* Task
Please repeat, exactly as they stand, the line containing "Moncolle ML19 ZAMAZENTA" and the lines after it through the final line of the listing below, minus pictures.

* Recorded information
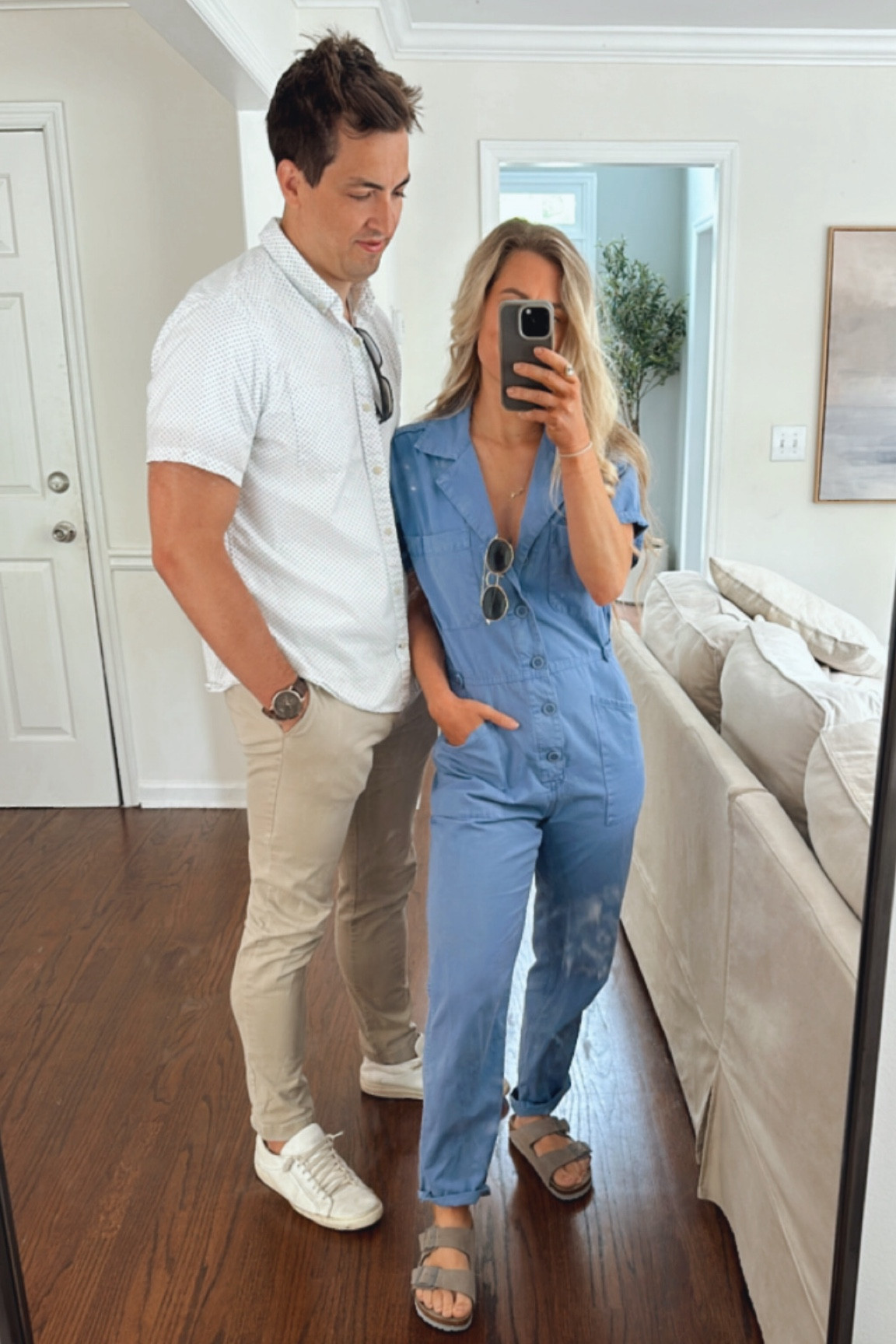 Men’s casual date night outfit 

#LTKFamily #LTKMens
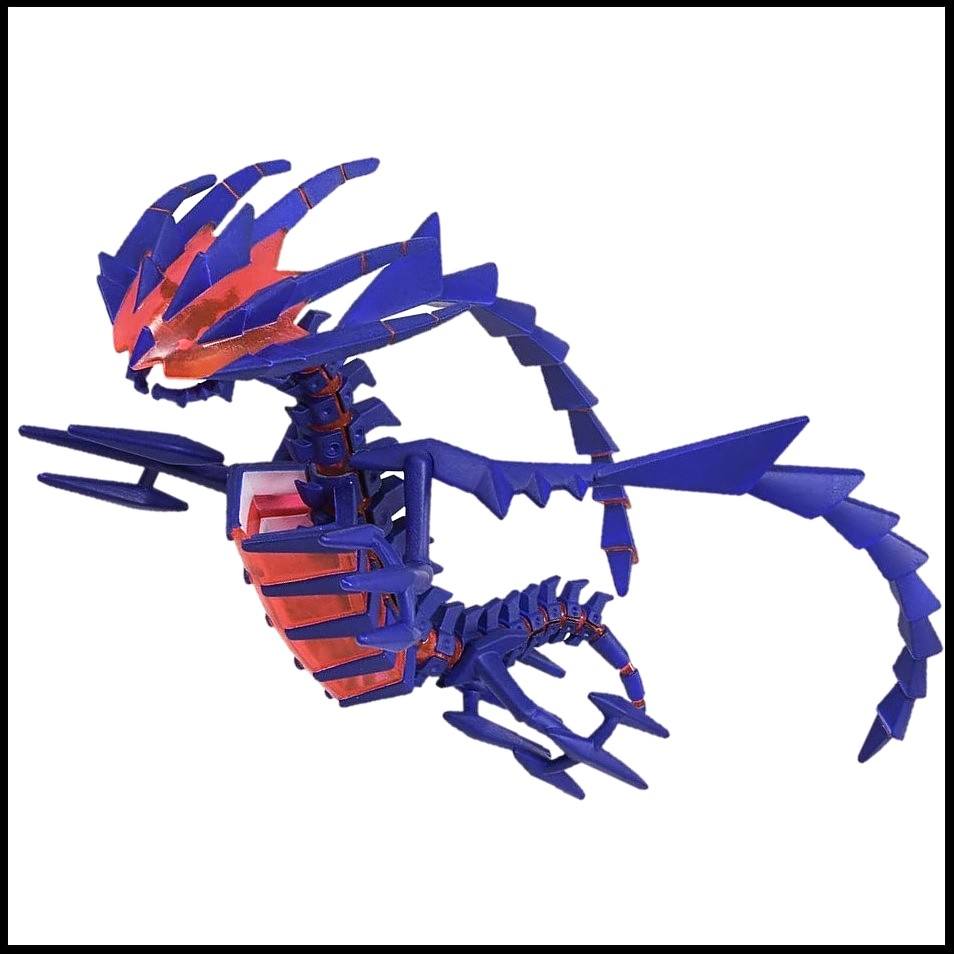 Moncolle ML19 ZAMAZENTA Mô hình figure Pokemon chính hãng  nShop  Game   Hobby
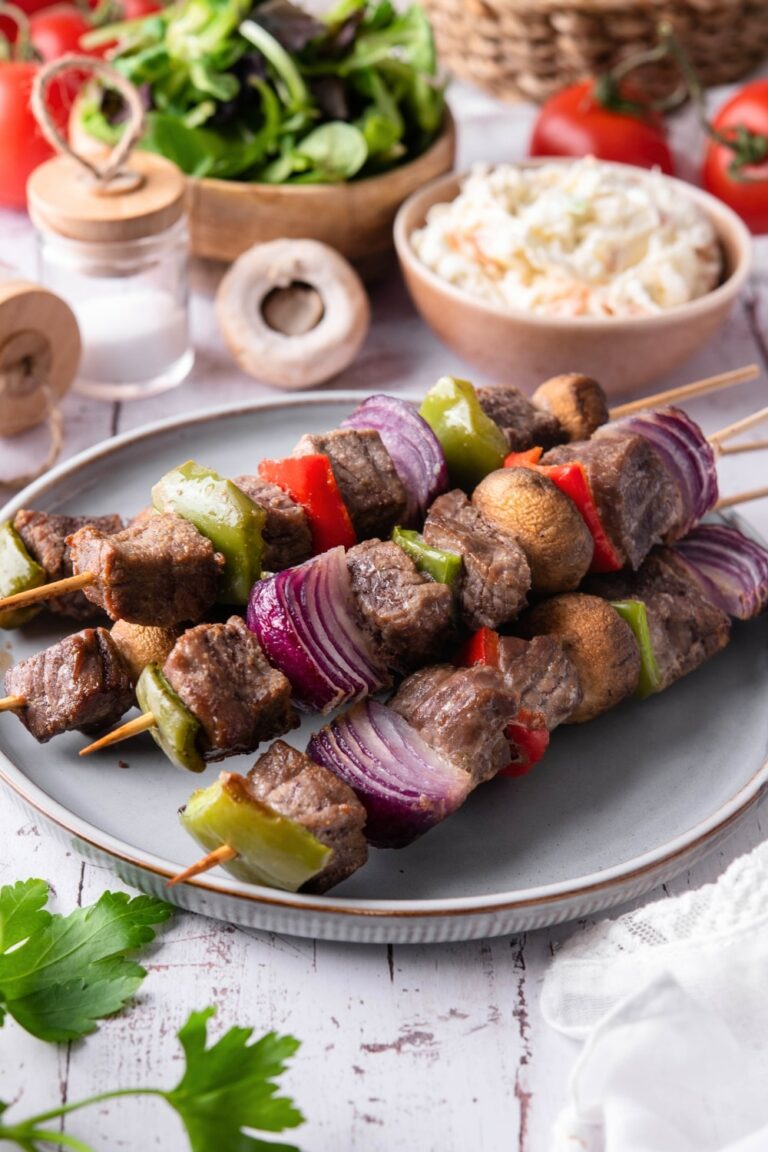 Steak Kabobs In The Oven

* Written solution
 Moncolle ML19 ZAMAZENTA Mô hình figure Pokemon chính hãng  nShop  Game   Hobby
 Steak Kabobs In The Oven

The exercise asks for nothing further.